Il punto di svolta, in cui si è persa questa "buona fede", è indubbiamente stato l'unificazione tedesca: alla premessa, in gran parte esatta (evitare l'automatica riproposizione di una egemonia continentale e i conflitti che ne sarebbero potuti seguire), si è fatta conseguire una soluzione causalmente inadeguata e priva persino di nesso logico.
La verità implicita è che i banchieri hanno imposto la "loro" soluzione, soltanto prendendo spunto da una "emergenza" politica, ridotta a giustificazione posticcia e sostanzialmente solo volta a ripristinare il capitalismo ante crisi del '29.
D'altra parte, il rapporto Werner (1971) era là, con tutte le sue contraddizioni, al tempo evidenti nella valutazione della scienza economica, ma si dovette attendere l'evento catalizzatore della Unificazione per proporre la soluzione sotto un'etichetta di "pace in Europa", e rigenerare il liberismo in chiave istituzionale, naturalmente sovranazionale e, perciò, ingannevolmente "dispersiva" della sovranità democratica. Cioè eliminatrice dell'ostacolo nel momento in cui esso (la democrazia costituzionale), avrebbe avuto la sua massima ragion d'essere (cioè la trasposizione in un modello di governo federale democratico che annullasse, solidaristicamente, ogni nazionalismo competitivo, accuratamente nascondibile sotto la denazionalizzazione della moneta e il suo corollario di mercantilismo competitivo, non correggibile ma, anzi, incentivato).

Questo è un punto ancora non ben esplorato nel dibattito generale (almeno fuori da questo blog).
Chi aveva "circondato" Mitterand e lo aveva persuaso dello strumento in tutte le sue proiezioni applicative, credeva evidentemente che l'oligarchia avrebbe governato con una solidarietà di classe transnazionale e che, controllando dalla nascita il processo mediante la cooptazione alla causa dei partiti di sinistra, attrezzati per vocazione all'internazionalismo, ciò sarebbe passato come "inavvertito" alle masse.
E' nato così l'ordoliberismo "reale", evolutivo delle prime grezze soluzioni thatcheriane; fenomeno allo stato puro di realizzazione che è solo europeo.

Il calcolo, finora, si è rivelato esatto, grazie al controllo mediatico-culturale-accademico: la cornice di sinistra ha consentito una inusitata "tenuta" a tutto il disegno.
Ed è questa la parte in cui ha senso l'ammissione di Fassina che il fallimento dell'euro sarebbe per loro una sconfitta.

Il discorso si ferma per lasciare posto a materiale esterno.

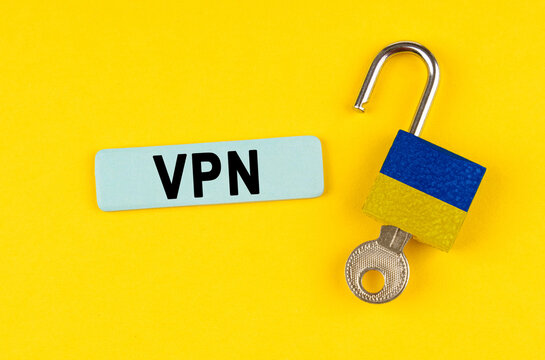 On the yellow surface is an open lock with a key and a sticker with the inscription - VPN - Powered by Adobe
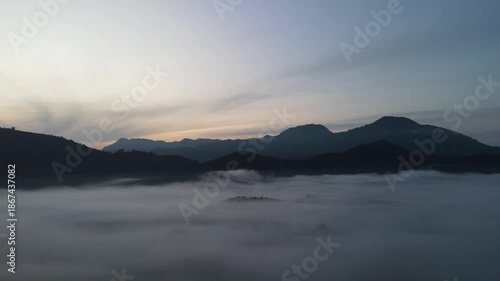 Aerial drone sunrise above misty mountains and foggy valley landscape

Ma, a ben vedere, l'errore logico e propagandistico iniziale, cioè il pretesto ufficiale, sta proprio nella incoercibilità della Germania.
E' dura doverlo ammettere proprio mentre la Germania sta celebrando una vittoria (naturalmente egemonica) che si proietta (per la terza volta in un secolo) come disastro economico del continente (mediaticamente occultato solo in Europa): anzi la ripetitività (frattalica) di questo esito è forse l'unico elemento capace di fornire una spinta reattiva a un Continente ottusamente de-democratizzato.

Ma, ripeto, per dare una forza effettiva a questa spinta occorrono recuperi di realismo politico e di consapevolezza storica che in Italia sono veramente troppo lontani dall'emergere con la dovuta energia.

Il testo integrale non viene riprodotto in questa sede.